PATCH for filesys corruption in ext3 with data=journal

neilb@cse.unsw.edu.au (Neil Brown) · Fri, 31 May 2002 12:33:23 +1000 (EST)

Hi,

 as I mentioned in earlier mail to ext3-users I have been getting some
corruption on an ext3 filesystem that has been serving NFS.  I am now
confident that I fully understand the problem and have a patch.

It only affects data=journal mode and I wonder if it might also be the
cause of the corruption noted by a number of people on linux-kernel.

First I will explain the problem.  Then display the patch.

When a file that contains dirty pages is truncated, those pages
must be dealt with.  They can either be flushed to disc, or they can
be invalidated.  Either way they must be non-dirty before their 
location on disc is allocated to another file.  If not, they might
be flushed out to disc much later and overwrite something that has
since been allocate the same location on disc.

The pages are dealt with by truncate_inode_pages which ultimately
calls journal_flushpage on each page which inturn calls
journal_unmap_buffer.

For data=writeback the data block will not be attached to the journal
at all and the buffer is "Zapped" (marked as clean).

For data=ordered the  data block can only be dirty if it is part of
the current transaction, or the committing transaction. (This is a
consequence of the "order"ing.)
If the current transaction, then it can be simply disposed on and
removed from the current transaction.  Again it is Zapped.
If the committing transaction, then it will have to go to disc, and it
will be flushed out before that transaction fully commits, and hence
before any data in a subsequent transaction - that may be allocated to
the same place of disc - has a chance of being written out.  So there
is no problem here.

But for data=journal the situation is a bit different.
Normally with data=journal, data blocks are written to the journal and
then left in the pagecache in a dirty state to be eventually flushed
to disc.
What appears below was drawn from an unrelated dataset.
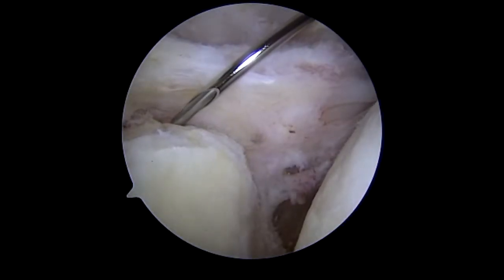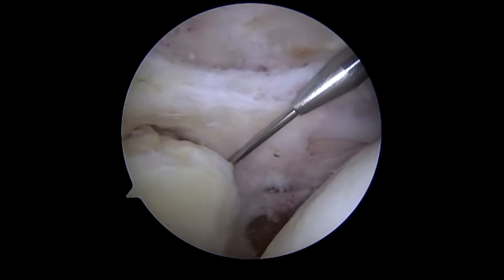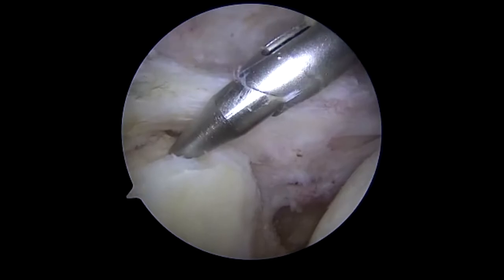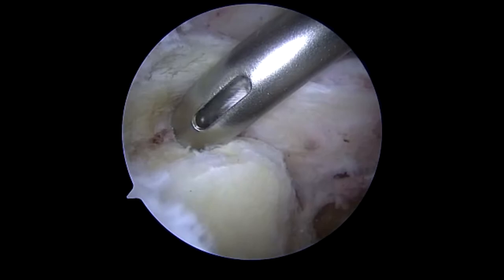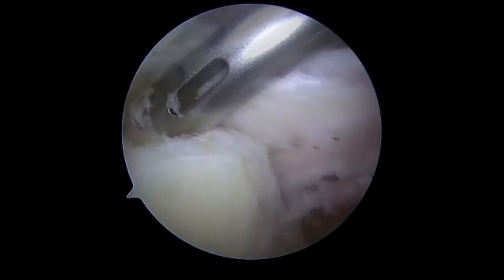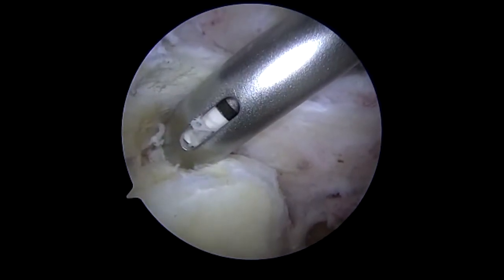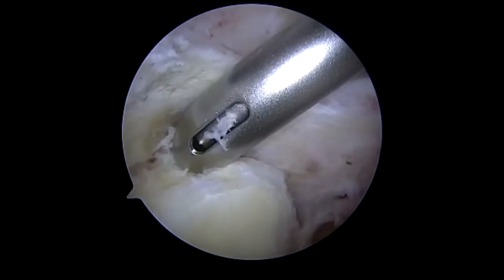We are now preparing for anchor placement. Here we place the guide wire where we will overdrill, and that will be for the placement of the 3.9 mm biocomposite knotless corkscrews that will go in the superior glenoid rim, or more so the neck, in preparation for the attachment of the most medial aspect of the dermal graft.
Either by bdflush or by a journal checkpoint.

journal_unmap_buffer will find that the buffer is attached to the
journal, either via b_transaction or b_cp_transaction (i.e. an active
part of a transaction, or a buffer that must be checkpointed before
that transaction be be forgotten)
If the latter case, the buffer gets reattached to the current
transaction (if there is one) so it will be disposed of at when it
completes.  otherwise it is immedately Zapped.
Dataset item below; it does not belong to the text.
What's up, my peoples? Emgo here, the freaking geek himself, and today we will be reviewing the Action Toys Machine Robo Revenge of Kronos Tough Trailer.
If the transaction it is attached to is the running transaction, then
it is safe to just remove it from the transaction and never write it
at all.

But (and here we get to the meat of it all) if the transaction it is
attached to is the committing transaction then it is not safe to
discard it.  We must leave it alone until that transaction has
completed.  We must arrange that when the transaction completes
committing, the buffer then gets discards (and importantly, not left
lying around dirty).  But this *DOES*NOT*HAPPEN*.
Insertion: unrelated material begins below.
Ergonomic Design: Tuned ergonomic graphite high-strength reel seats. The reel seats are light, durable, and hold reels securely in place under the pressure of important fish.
The code in question is at about line 1831 of fs/jbd/transaction.c
and has the comment:
		/* If it is committing, we simply cannot touch it.  We
		 * can remove it's next_transaction pointer from the
		 * running transaction if that is set, but nothing
		 * else. */

This code really must arrange that a data=journal datablock never gets
marked as dirty again (note that it isn't actualy dirty at this point,
it is JBDDirty instead, to stop if from being written to disc
prematurey).

One option might be to simply clear the JBDDirty flag at this point.  
However this causes a number of assertions later on to fail, so it
isn't a good idea.
The approach that I have taken in the patch is to make use of the
BH_Freed flag which is currently unused but is defined in jbd.h
as
	BH_Freed,		/* 1 if buffer has been freed (truncated) */

It seems perfect for the job.  At this point in journal_unmap_buffer,
we set BH_Freed on the buffer.  Then in phase 7 of the commit, when
we are looking at the t_forget buffers and considering if
they are jdirty, and hence should be made really dirty again, we
avoid doing so if BH_Freed is set.

I am yet to actually try this patch out on a production system, partly
because I wanted to be sure my understanding was good enough to be
able to convincingly explain it in Email first, and partly because it
is late in the week, and I would rather start using it on a monday
morning when I can watch what is happening (for now, I am running
data=ordered to avoid further problems).

This patch is against 2.4.19-pre8 plus ext3 0.9.18.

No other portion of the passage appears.